→ **ASSIGNED TASK**:
An exact transcription of all the data is required; the pictures are to be left out.

→ **Source records**:
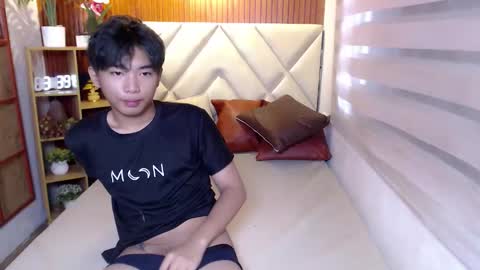 hottestloues online show from May 8, 6:36 am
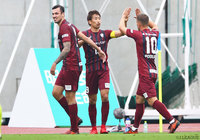 巧みなボールコントロールから同点ゴールを奪った渡邉 千真（神戸）【明治安田Ｊ１ 第32節 神戸vs広島】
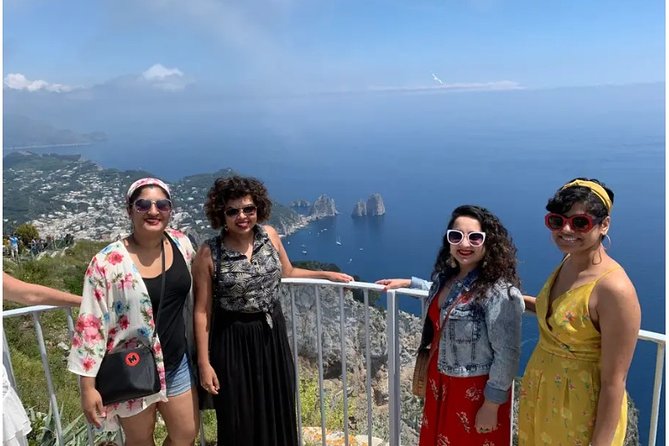 Shared CAPRI Tour - 360° experience by Bus, Boat & Guide - The 1-Hour Boat Ride: Caves, Faraglioni Passing, and a WC on Board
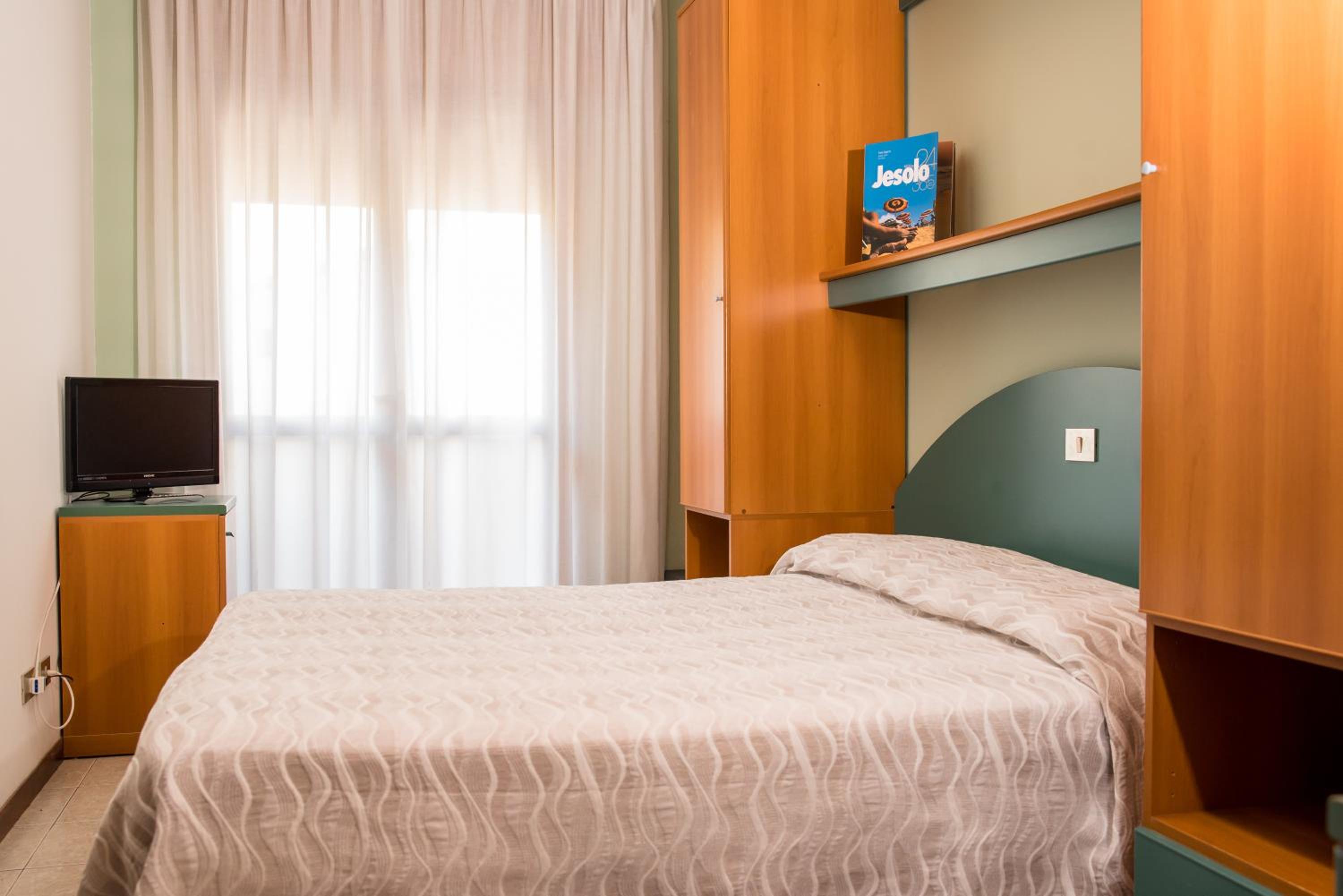 Standard Double or Twin Room - Photo 8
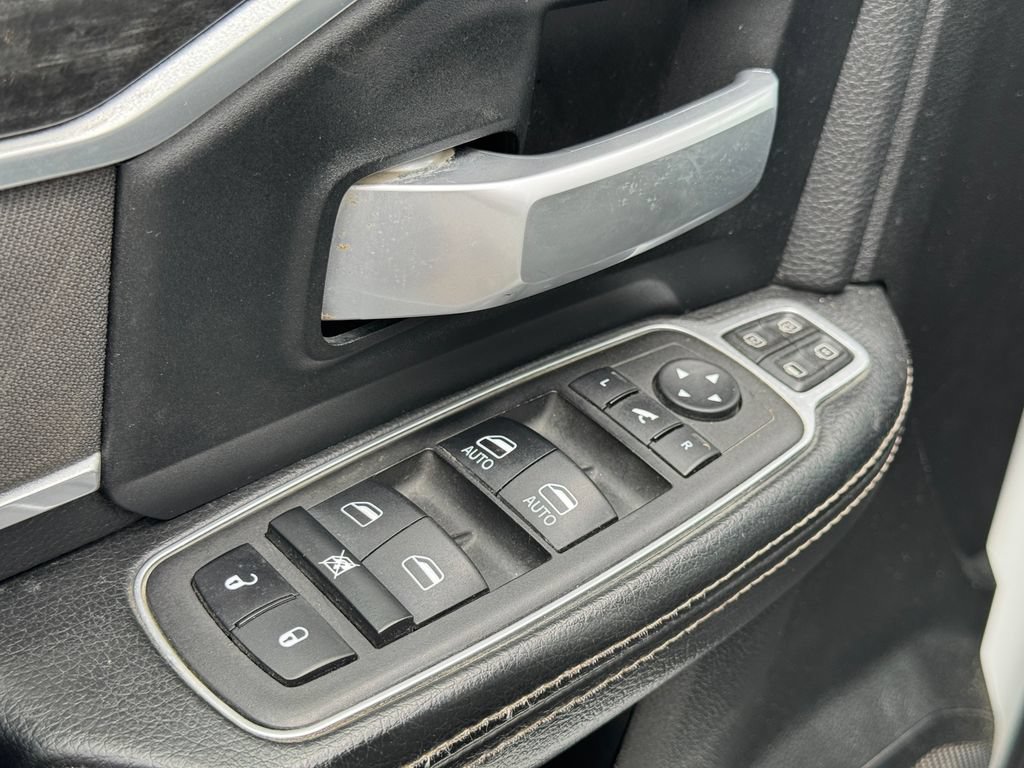 Used 2024 RAM 2500 Big Horn w/ Off Road Package AWD/4WD image 9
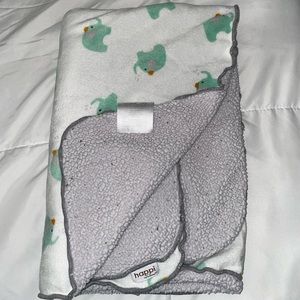 🤩4/$15🥳 
elephant baby blanket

→ **ANSWER TO THIS EXERCISE**:
 hottestloues online show from May 8, 6:36 am
 巧みなボールコントロールから同点ゴールを奪った渡邉 千真（神戸）【明治安田Ｊ１ 第32節 神戸vs広島】
 Shared CAPRI Tour - 360° experience by Bus, Boat & Guide - The 1-Hour Boat Ride: Caves, Faraglioni Passing, and a WC on Board
 Standard Double or Twin Room - Photo 8
 Used 2024 RAM 2500 Big Horn w/ Off Road Package AWD/4WD image 9
 🤩4/$15🥳 
elephant baby blanket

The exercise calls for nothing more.